Outdoor Learning in Foundation Stage
Outdoor Learning Curriculum Statement
At Kippax Ash Tree Foundation Stage, in line with our ambition for children we incorporate a designated outdoor learning curriculum as part of our weekly routine. The aim is that our curriculum serves as a cornerstone to increasing life skills and experiences throughout their time in Foundation Stage.
The aims of this curriculum are:
• To build self-esteem and confidence in children.
• To build resilient, determined and independent learners
• To develop children’s personal, social and emotional development.
• To develop children’s and encourage creativity
• To encourage collaboration.
• To develop and build the ideas of risk management and risk benefit
• To improve children’s life skills and experiences
• To enable children to gain a respect for the natural environment and wildlife.
• To transfer negative behaviours into positive ones.
• To let children be children
These aims will be covered with a variety of outdoor learning teaching strategies that not only seek to aid the children in their learning but also be provided in a positive, enjoyable, creative and inspiring manner that will allow them to transfer the skills and knowledge into the classroom and life outside of school.
To ensure that our curriculum reaches the high standards of teaching and learning that we pride ourselves on at Kippax Ash Tree, we have implemented a progressive curriculum throughout Foundation Stage.

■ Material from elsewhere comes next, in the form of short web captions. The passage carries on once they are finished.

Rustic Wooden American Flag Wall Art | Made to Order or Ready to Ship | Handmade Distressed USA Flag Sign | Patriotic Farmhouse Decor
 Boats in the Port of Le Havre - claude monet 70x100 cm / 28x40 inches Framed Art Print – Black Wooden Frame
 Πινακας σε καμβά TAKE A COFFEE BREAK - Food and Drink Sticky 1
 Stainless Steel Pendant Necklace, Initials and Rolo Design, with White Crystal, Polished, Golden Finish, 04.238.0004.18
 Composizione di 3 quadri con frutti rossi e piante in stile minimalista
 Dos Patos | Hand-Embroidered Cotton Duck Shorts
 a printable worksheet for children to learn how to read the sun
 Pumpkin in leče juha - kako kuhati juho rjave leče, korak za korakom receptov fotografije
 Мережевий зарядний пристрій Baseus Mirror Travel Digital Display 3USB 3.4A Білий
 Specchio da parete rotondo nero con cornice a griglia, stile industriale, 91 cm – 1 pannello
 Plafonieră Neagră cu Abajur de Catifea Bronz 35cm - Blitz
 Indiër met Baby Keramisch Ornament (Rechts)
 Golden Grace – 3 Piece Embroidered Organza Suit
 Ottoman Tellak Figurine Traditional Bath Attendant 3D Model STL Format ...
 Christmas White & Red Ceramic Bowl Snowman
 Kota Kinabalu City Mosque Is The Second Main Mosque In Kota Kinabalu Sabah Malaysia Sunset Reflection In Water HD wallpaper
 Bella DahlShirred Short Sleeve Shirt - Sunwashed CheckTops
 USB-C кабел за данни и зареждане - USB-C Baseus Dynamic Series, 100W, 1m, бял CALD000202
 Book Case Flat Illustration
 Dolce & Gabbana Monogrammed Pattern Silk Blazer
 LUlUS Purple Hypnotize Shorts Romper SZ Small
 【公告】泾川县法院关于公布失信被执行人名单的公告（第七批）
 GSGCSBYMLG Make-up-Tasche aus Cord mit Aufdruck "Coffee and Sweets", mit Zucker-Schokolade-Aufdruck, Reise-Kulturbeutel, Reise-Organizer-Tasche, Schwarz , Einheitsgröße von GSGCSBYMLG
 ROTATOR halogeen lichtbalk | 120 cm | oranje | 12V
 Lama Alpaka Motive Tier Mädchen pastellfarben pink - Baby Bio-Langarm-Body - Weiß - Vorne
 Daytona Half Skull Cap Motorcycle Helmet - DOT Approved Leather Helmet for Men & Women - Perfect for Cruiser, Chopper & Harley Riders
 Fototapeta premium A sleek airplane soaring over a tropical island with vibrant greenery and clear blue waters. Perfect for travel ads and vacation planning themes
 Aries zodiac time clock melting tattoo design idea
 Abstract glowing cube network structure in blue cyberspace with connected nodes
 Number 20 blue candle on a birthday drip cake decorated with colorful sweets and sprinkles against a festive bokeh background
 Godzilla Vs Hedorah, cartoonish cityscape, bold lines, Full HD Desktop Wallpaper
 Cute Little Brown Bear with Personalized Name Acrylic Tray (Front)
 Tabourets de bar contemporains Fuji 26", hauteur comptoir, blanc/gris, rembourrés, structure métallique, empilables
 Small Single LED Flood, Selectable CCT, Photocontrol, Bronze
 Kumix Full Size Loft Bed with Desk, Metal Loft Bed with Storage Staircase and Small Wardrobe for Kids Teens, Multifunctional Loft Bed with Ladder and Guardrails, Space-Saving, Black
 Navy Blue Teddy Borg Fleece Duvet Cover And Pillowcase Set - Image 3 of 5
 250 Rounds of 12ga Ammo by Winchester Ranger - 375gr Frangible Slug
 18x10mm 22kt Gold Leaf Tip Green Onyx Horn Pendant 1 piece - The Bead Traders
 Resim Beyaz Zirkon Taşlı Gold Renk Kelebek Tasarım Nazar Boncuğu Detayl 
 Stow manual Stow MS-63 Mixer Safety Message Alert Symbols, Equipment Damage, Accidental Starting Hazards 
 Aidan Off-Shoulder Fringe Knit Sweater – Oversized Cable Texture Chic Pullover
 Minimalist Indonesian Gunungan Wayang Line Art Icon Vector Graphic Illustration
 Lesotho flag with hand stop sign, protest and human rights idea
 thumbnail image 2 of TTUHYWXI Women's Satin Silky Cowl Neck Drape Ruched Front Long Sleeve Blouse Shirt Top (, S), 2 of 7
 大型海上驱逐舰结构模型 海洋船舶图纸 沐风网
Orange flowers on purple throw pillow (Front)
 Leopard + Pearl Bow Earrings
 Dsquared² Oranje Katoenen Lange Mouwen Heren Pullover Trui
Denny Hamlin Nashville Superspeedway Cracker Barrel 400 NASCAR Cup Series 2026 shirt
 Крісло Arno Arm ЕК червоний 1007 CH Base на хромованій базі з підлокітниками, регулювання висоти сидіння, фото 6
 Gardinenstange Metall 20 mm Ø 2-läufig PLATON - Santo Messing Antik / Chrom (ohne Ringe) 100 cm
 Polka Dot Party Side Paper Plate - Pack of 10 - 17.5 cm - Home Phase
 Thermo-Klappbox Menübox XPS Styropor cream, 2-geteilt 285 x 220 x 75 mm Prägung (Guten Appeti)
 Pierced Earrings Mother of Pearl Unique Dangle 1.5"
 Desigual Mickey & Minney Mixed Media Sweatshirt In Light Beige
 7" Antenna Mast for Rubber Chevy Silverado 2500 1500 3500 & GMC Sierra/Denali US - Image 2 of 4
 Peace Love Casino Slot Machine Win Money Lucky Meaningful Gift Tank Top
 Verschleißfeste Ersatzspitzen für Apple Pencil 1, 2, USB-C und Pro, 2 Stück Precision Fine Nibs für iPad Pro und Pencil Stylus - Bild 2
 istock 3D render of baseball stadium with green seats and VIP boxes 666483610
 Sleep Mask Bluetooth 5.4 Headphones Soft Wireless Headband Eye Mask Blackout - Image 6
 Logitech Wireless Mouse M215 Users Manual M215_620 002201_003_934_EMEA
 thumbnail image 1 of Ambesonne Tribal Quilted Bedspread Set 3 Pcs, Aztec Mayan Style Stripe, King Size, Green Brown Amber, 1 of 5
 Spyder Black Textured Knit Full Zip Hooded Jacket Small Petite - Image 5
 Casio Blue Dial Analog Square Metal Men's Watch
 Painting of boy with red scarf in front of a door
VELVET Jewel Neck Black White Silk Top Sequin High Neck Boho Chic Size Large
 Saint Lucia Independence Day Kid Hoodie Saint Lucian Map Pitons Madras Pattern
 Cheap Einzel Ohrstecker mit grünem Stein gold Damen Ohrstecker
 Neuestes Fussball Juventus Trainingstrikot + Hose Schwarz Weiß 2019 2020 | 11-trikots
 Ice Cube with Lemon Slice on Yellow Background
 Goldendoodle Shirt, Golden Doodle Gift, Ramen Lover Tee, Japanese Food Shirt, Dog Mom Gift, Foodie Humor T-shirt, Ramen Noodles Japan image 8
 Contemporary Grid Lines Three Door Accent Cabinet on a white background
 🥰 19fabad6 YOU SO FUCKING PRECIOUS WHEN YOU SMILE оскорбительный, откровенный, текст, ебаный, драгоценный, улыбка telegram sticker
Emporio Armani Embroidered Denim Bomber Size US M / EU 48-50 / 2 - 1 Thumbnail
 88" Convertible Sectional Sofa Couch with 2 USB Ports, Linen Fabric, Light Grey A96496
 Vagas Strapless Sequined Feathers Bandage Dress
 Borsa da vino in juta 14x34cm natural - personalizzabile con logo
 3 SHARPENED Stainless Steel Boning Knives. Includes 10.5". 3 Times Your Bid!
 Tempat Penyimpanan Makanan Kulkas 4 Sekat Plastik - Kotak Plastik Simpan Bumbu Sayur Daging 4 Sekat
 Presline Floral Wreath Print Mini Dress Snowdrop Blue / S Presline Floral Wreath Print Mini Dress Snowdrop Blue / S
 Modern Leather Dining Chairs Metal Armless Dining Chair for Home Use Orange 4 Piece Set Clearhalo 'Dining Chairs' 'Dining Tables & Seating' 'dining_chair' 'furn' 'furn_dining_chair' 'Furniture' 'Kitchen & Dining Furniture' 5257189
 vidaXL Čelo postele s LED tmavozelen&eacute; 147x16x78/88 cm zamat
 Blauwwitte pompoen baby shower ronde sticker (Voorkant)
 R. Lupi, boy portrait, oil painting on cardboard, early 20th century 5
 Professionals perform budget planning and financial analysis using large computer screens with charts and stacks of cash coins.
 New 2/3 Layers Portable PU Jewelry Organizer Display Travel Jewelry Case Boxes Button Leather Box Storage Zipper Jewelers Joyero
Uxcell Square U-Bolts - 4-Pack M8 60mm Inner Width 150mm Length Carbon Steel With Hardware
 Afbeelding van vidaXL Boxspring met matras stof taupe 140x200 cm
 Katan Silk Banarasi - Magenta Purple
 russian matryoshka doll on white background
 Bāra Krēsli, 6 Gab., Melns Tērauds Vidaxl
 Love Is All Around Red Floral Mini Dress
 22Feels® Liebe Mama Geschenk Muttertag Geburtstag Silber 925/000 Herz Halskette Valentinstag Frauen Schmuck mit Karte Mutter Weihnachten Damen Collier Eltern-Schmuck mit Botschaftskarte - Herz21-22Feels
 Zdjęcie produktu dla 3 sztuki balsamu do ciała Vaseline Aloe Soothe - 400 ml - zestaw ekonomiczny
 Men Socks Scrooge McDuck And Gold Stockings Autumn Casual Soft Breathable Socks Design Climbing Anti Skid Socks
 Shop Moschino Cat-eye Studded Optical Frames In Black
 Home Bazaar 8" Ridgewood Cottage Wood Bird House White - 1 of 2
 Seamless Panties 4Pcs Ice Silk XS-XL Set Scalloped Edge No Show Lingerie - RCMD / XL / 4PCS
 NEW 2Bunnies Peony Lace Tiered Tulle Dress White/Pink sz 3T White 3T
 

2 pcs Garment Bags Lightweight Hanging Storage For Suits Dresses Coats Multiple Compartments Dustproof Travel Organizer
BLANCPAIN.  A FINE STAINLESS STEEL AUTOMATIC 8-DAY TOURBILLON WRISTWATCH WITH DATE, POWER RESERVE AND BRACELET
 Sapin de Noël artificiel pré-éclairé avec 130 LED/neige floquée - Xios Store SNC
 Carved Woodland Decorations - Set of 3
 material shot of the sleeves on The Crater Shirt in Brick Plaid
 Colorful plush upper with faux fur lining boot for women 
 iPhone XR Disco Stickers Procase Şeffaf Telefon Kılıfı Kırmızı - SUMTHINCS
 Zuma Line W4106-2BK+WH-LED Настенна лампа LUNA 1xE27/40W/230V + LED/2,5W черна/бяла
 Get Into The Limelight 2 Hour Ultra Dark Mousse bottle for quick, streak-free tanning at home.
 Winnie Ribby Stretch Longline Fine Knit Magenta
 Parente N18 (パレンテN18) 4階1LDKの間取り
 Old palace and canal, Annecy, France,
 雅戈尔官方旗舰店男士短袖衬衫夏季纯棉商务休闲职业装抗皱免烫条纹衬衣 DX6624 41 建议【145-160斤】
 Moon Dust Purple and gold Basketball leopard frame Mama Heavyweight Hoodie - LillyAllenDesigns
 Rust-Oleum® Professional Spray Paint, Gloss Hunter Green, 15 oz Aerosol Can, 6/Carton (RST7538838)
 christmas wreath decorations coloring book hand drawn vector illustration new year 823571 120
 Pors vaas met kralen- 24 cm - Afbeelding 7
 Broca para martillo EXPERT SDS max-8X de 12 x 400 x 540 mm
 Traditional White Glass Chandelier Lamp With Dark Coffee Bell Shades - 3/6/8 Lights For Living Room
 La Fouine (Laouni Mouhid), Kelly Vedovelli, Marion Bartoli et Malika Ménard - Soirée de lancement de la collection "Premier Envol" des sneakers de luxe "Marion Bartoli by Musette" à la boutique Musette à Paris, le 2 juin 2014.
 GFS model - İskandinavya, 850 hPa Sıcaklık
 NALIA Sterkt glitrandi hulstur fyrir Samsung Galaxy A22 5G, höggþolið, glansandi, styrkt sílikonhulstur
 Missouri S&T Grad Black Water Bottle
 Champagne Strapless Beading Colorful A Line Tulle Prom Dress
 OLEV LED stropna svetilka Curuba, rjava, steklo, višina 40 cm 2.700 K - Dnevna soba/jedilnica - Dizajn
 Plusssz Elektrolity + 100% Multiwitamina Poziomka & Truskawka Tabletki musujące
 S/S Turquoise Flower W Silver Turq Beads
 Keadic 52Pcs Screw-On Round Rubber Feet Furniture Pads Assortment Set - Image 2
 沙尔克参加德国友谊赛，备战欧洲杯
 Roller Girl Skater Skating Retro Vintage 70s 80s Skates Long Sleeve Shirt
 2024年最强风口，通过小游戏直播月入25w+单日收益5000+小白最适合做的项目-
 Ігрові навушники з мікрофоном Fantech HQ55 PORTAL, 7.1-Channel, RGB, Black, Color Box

Discrete weekly outdoor learning lessons are timetabled allowing each Family Group a large percentage of high quality outdoor learning per year. This will be in addition to separate outdoor learning the children will engage in exploration time.
Forest school is a globally recognised teaching system that aims to meet the intent of this curriculum through holistic learning. It is through this method that we strive to provide our pupils with the widest range of skills and opportunities available to us. Due to its child led nature and focus on social development, Forest School engages children in a manner that is hard to imitate in the classroom. This creates new opportunities for learning and development that might not be accessed during regular day-to-day schooling. As we know, every child is different, as are their learning habits, something that here at Ash Tree we recognise, encourage and utilise.
At Ash Tree, we are fortunate to have a large outdoors learning environment ranging from the school field, grassed area, pond and wildlife area to the schools allotments. It is here the majority of the learning will take place but it is our aim to also expand our outdoor learning into the wider community and environment to give the children a wider range of experience and allow them to become more familiar with the world surrounding them.
After the implementation of the robust outdoor learning curriculum, children at Ash Tree will become more well-rounded and prepared learners and individuals. They will not only be more confident and resilient learners, they will become more caring and supportive peers due to the heavy focus the curriculum places on understanding and generating empathy. This will allow children will become more able to regulate their social, mental, emotional and spiritual health meaning the children to perform better in collaborative learning and tasks, arming them with the skills necessary to improve themselves in their schooling career and life in the wider world.
As children grow in confidence in their abilities in the outdoor environment, they will begin to understand, assess and manage their own risk and safety. This will allow the children to become more independent and show them that life comes with not only risk but also rewards. It also teaches them what their own limits are and that they can push through them. They will see that sometimes we don’t always get the desired result the first time but that doesn’t make us a failure, it helps us to grow, forcing us to try again in a different way. It encourages problem solving logical thinking and self-reflection and evaluation but most of all the pupils will see that mistakes aren’t failures; they are a part of learning, that they are, ultimately, human.